La dissertation requiert :

   

  • Une méthode.

    Une méthode est un ensemble de règles auxquelles il convient de conformer la conduite de sa réflexion. Quel que soit le sujet à traiter, ces règles doivent être respectées. Ce respect ne préjuge pas de la qualité de votre réflexion car celle-ci est aussi tributaire de la richesse des contenus,  mais il lui confère sa validité formelle. Ce n’est pas suffisant mais c’est nécessaire.  

   

  • Une culture.

    On ne réfléchit pas dans le vide. La culture est ce qui a été acquis soit par l’expérience soit par l’école, les lectures etc. Plus elle est riche, plus l’horizon s’élargit. Il est vain de croire que l’on peut faire la lumière sur une question sans connaissances. D’où la nécessité des cours. La plupart du temps, on ne peut pas traiter philosophiquement un sujet sans culture philosophique. On entend par là, la compréhension des concepts dans leur précision et leur rigueur ; une sensibilisation aux problématiques que les grands maîtres ont élucidées chacun à leur manière. Mais si elle nourrit la réflexion, la culture ne saurait se substituer à elle. Une dissertation ne consiste jamais à énumérer des thèses d’auteurs, à réciter un cours, à juxtaposer des propos généraux, même fort savants. Elle consiste à affronter un problème dans une démarche progressive afin d’arriver par un cheminement cohérent à une conclusion. Ce qui importe ce n’est pas seulement le contenu de la conclusion, c’est la manière dont vous y arrivez.  (Souvenez-vous que ce n’est pas le contenu d’un énoncé qui fait son caractère doxique, c’est que celui qui l’énonce ne peut pas le fonder sur un ordre de raisons. Inutile donc de masquer l’indigence d’un acte de pensée derrière l’autorité d’une référence).  

   

  • Une puissance de réflexion.

    Il faut bien avouer que cette puissance n’est pas également répartie. Par exemple, les professeurs qui ne sont que des élèves plus expérimentés que ceux qui leur sont confiés n’ont pas la puissance de réflexion des maîtres qui ne sont pas à leur tour des élèves (les grands esprits. Cf. texte de Léo Strauss [1]).  

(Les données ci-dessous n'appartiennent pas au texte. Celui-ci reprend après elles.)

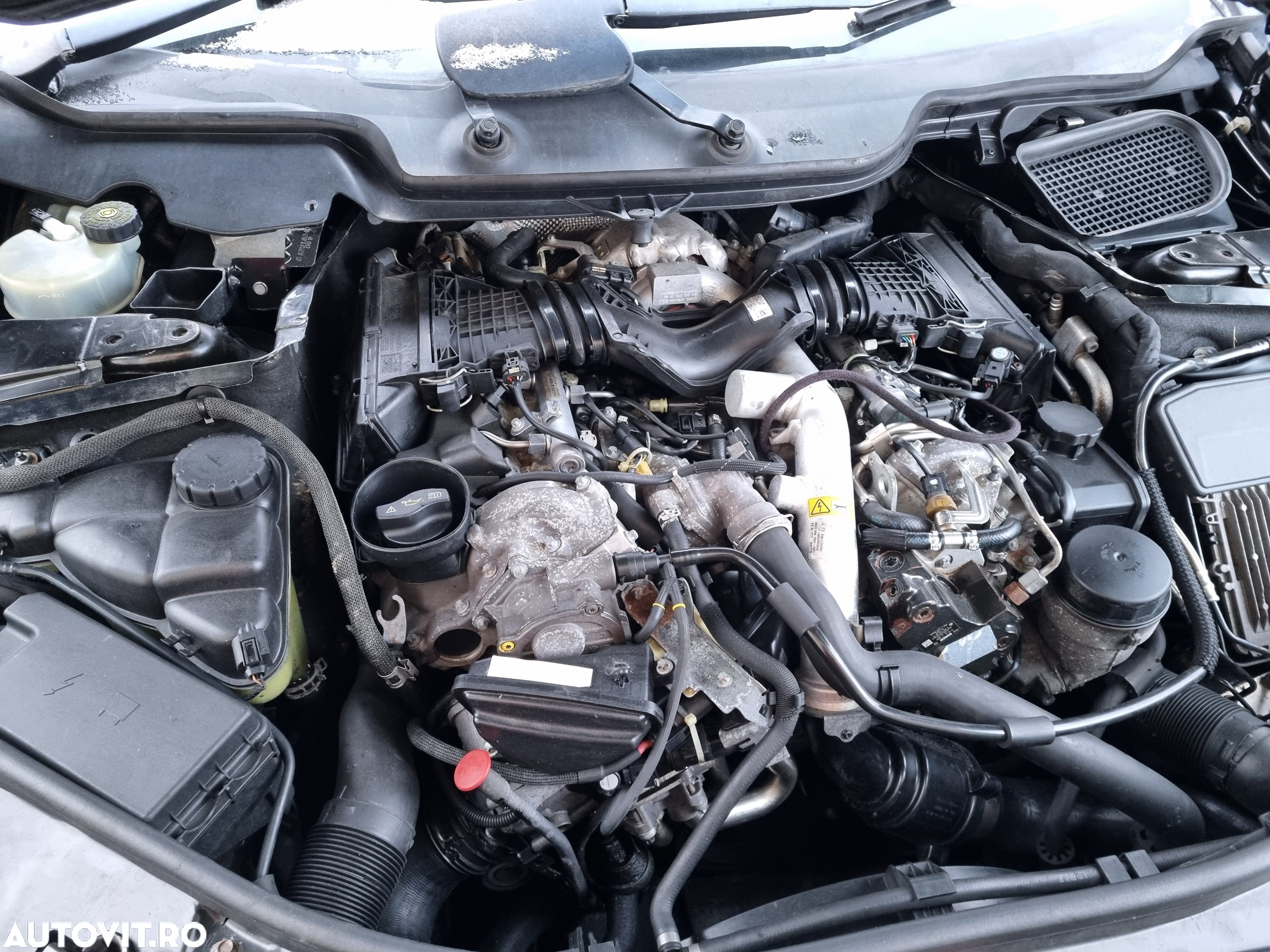 motor mercedes 3.0 euro 5 v6 cod 642 cu proba pe masina, sprinter , e class, c class, ml - 1
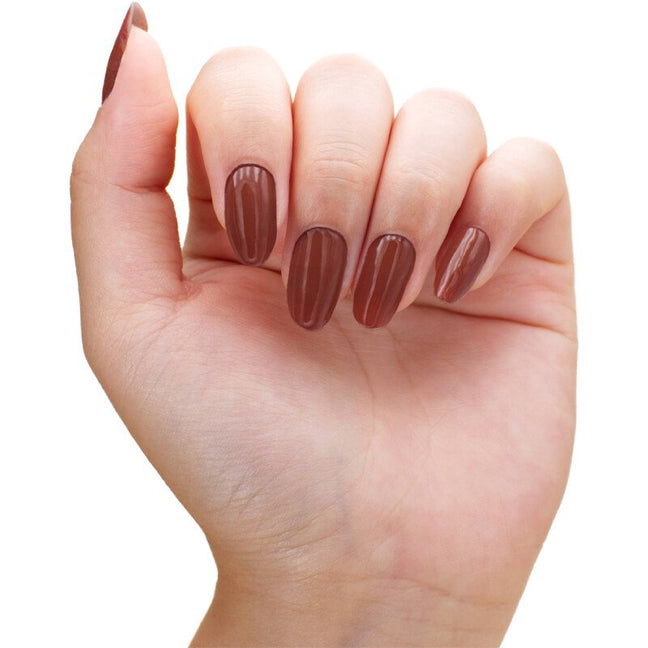 Vernis autocollant - Hazelnut - 16 bandes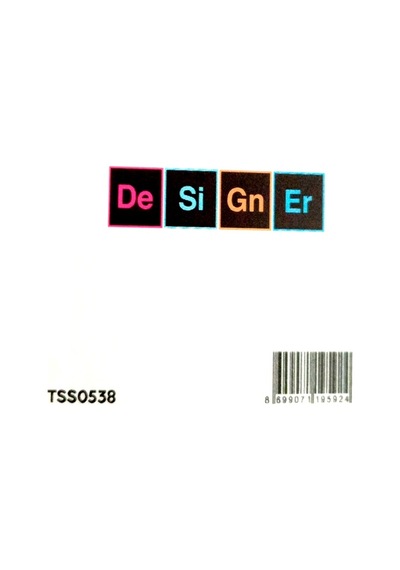 The Sticker Story Periyodik Tablo Tss0538 Kişileştirme Stickerı - 2 Adet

   Chacun doit faire du mieux qu’il peut. A ce niveau il n’y a pas de recettes, sinon nous serions tous de grands penseurs.  

   

   

Les règles de la méthode.

   

   

1)      Comprendre l’énoncé : la règle de l’introduction. 

   

   En classe terminale, un énoncé de dissertation est formulé sous forme interrogative. C’est donc une question.  

   Ex : A-t-on le choix d’être libre ?  

   Il ne suffit pas de lire la question pour saisir le ou les problèmes qu’elle pose. C’est la différence avec les mathématiques. En mathématiques on formule les données du problème dont vous avez à trouver la solution. Pas en philosophie. C’est à vous de dégager ce que l’on appelle la problématique, en analysant avec précision l’énoncé.  

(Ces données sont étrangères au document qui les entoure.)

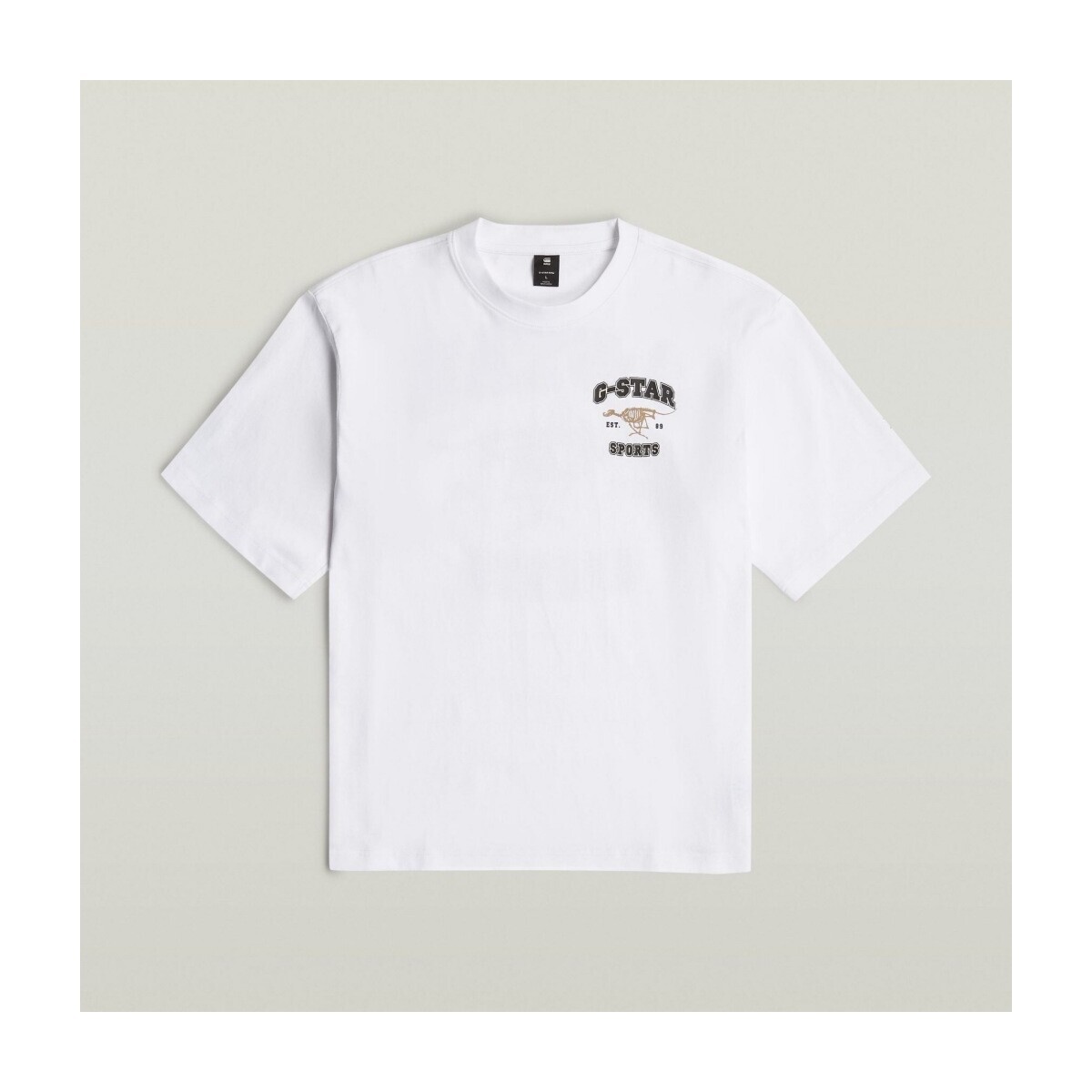 G-Star Raw  RUNNING DOG BACK GR R T  Bílá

   Une problématique n’est pas un problème, c’est un ensemble de problèmes s’articulant d’une certaine manière et précisant la question.  

   Il n’y pas trente six manières d’expliciter la problématique d’un sujet. Seule l’analyse rigoureuse des termes de l’énoncé le permet.  

   Ex : Avoir le choix : capacité de se déterminer à une possibilité ou à une autre. L’homme se sent libre lorsqu’il peut choisir. A l’inverse s’il ne disposait d’aucune capacité de choix et si sa conduite était l’effet nécessaire de certaines conditions,  on dirait qu’il est déterminé.  

      Cette analyse conceptuelle permet de formuler les problèmes que le développement devra affronter et d’énoncer  les termes de véritables alternatives.  

   PB : Est-on libre (= avoir le choix) d’être libre ou bien est-on déterminé à être libre ?  

   PB : Mais, les notions de déterminisme et de liberté étant antinomiques, si l’on est déterminé à être libre, il est absurde de parler de liberté.  Pourquoi est-il contradictoire de dire que l’on est déterminé à être libre ? (Questions annonçant la thèse : Soit on est libre, et donc libre d’être libre, soit on est déterminé et il est absurde de parler de liberté).  

   PB : Pour autant (renversement dialectique) qu’il faille renoncer à une telle absurdité revient-il à affirmer qu’on est libre d’être libre ? Car si on est libre d’être libre cela signifie qu’on a la possibilité de choisir de ne pas l’être. Or choisir de ne pas être libre n’est-ce pas encore être libre ? Il s’ensuit que l’on n’est pas libre d’être libre, on est condamné à l’être soit que l’on consente à la servitude soit que l’on décide de se libérer. (Question annonçant l’antithèse : « l’homme est condamné à être libre » : thèse sartrienne).  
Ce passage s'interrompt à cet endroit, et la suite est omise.